Take the line that contains "Paire de lions" and each line after it to the end of the data below, and set them down exactly, omitting pictures.

########

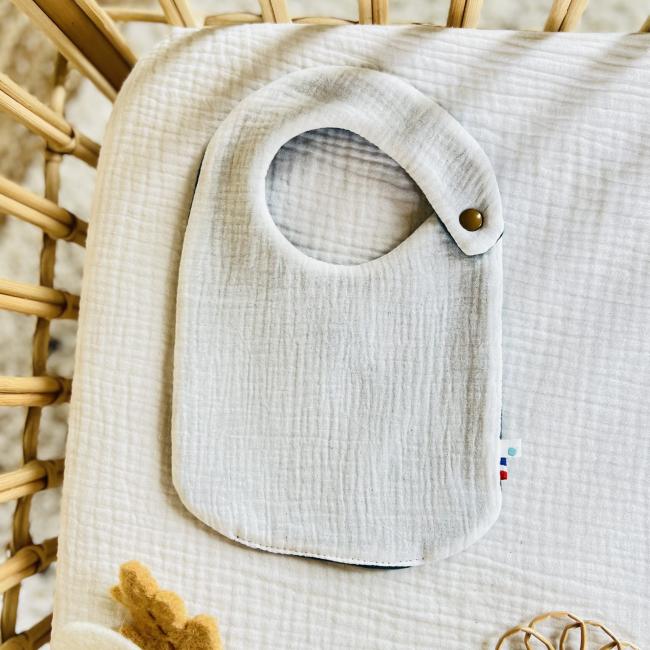 Petit Bavoir Blanc Glac&eacute;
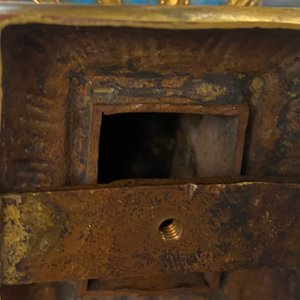 Paire de lions bouddhistes en cuivre doré sur socles en émaux champlevés, Chine, 19ème — photo 16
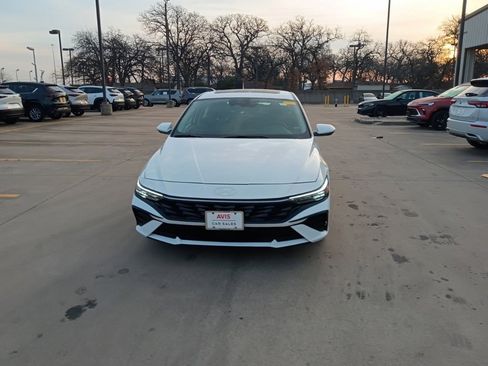 Used 2025 Hyundai Elantra SEL image 2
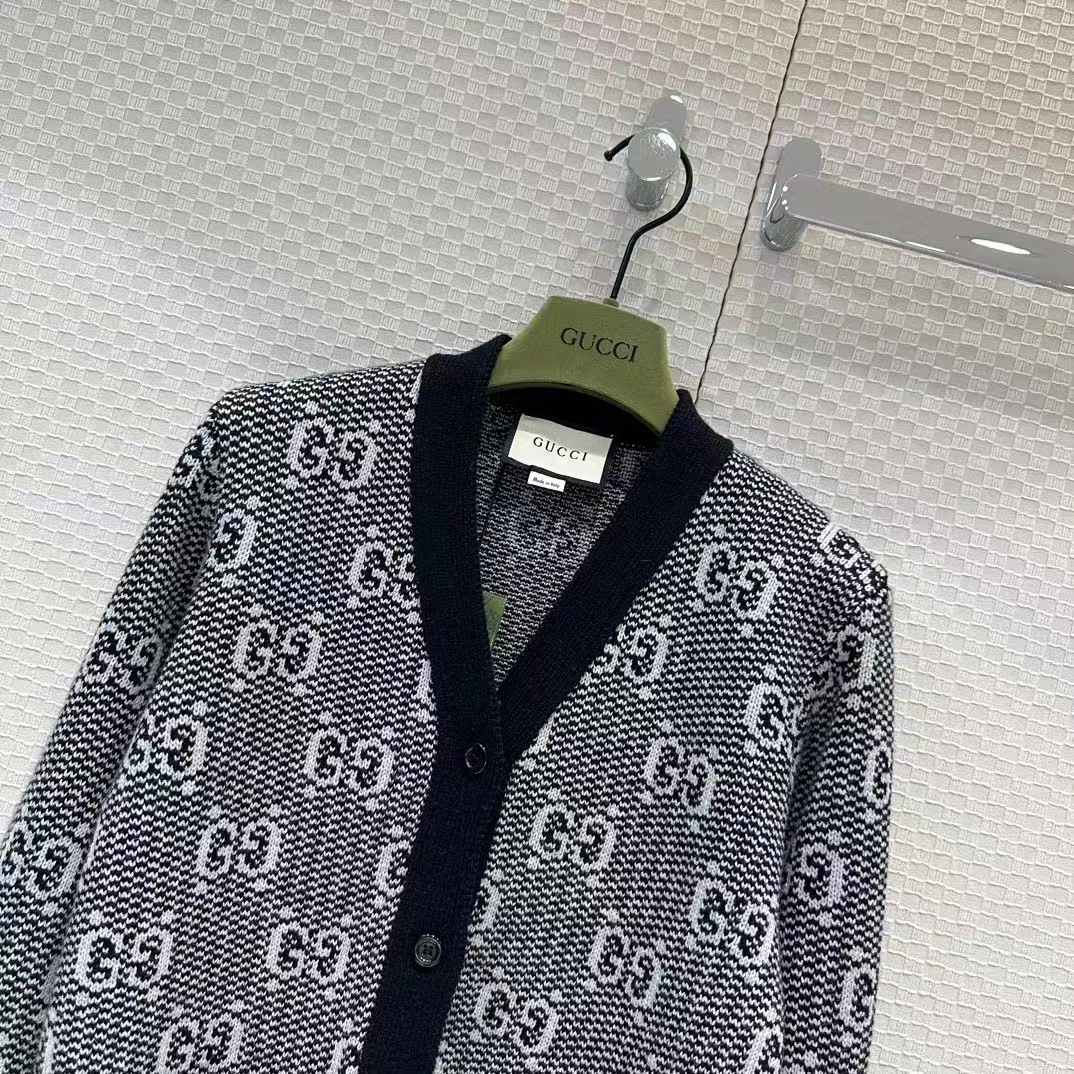 G*u*i men gg wool jacquard cardigan grey v-neck long sleeves front pockets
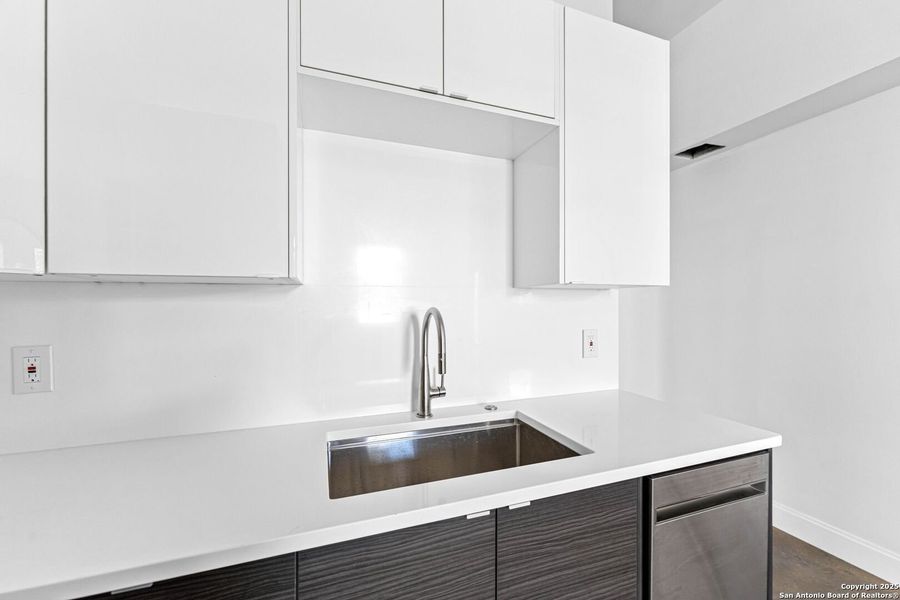 Image 18 of a home in .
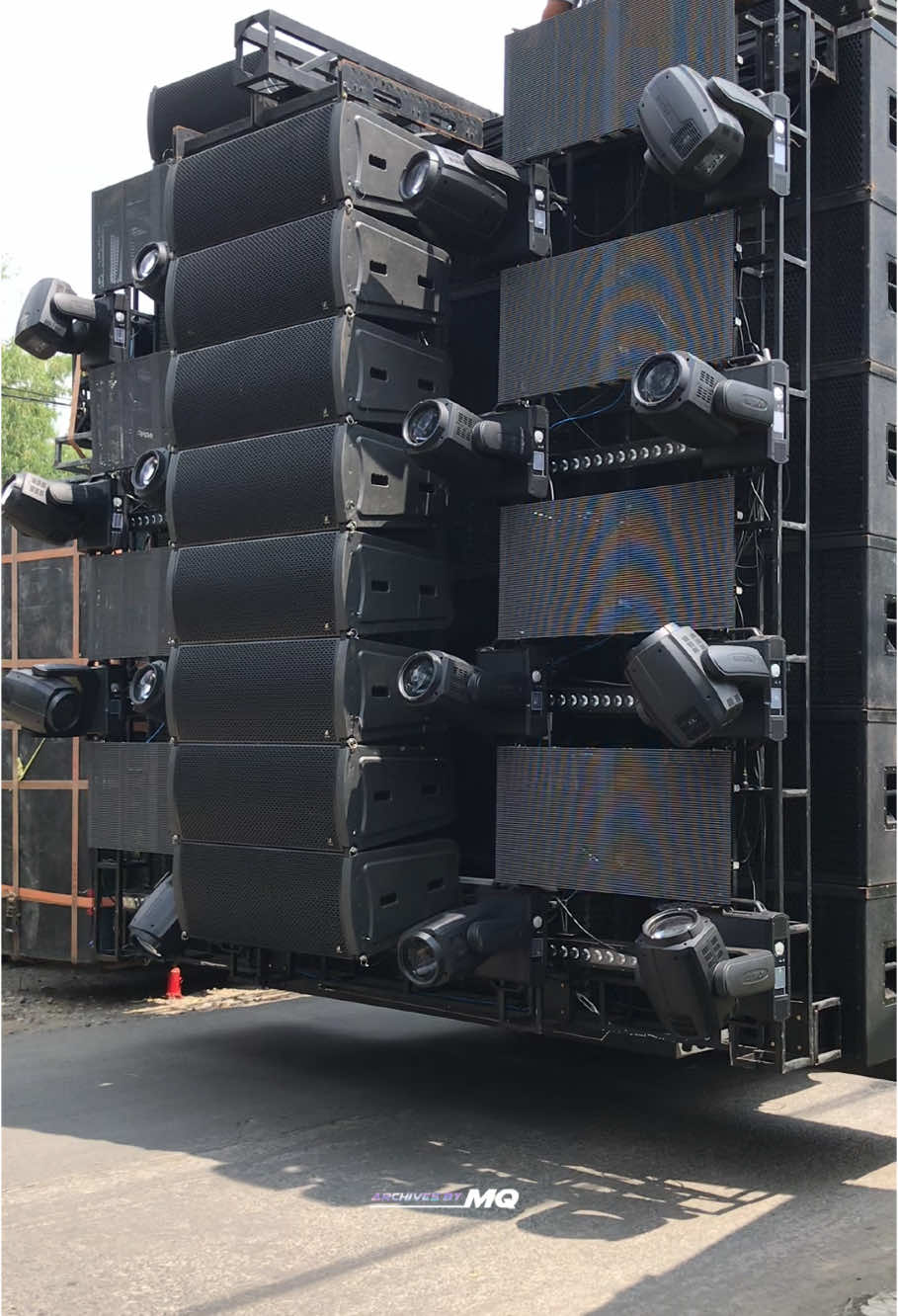 Lki Production otw ke start karnaval Salamrejo #lkiproduction #karnavalsalamrejo #karnavalsoundsystem #horegjawatimur #horeg #soundsystemhoreg @LKI Production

########

▸ **TASK RESPONSE**
 Paire de lions bouddhistes en cuivre doré sur socles en émaux champlevés, Chine, 19ème — photo 16
 Used 2025 Hyundai Elantra SEL image 2
 G*u*i men gg wool jacquard cardigan grey v-neck long sleeves front pockets
 Image 18 of a home in .
 Lki Production otw ke start karnaval Salamrejo #lkiproduction #karnavalsalamrejo #karnavalsoundsystem #horegjawatimur #horeg #soundsystemhoreg @LKI Production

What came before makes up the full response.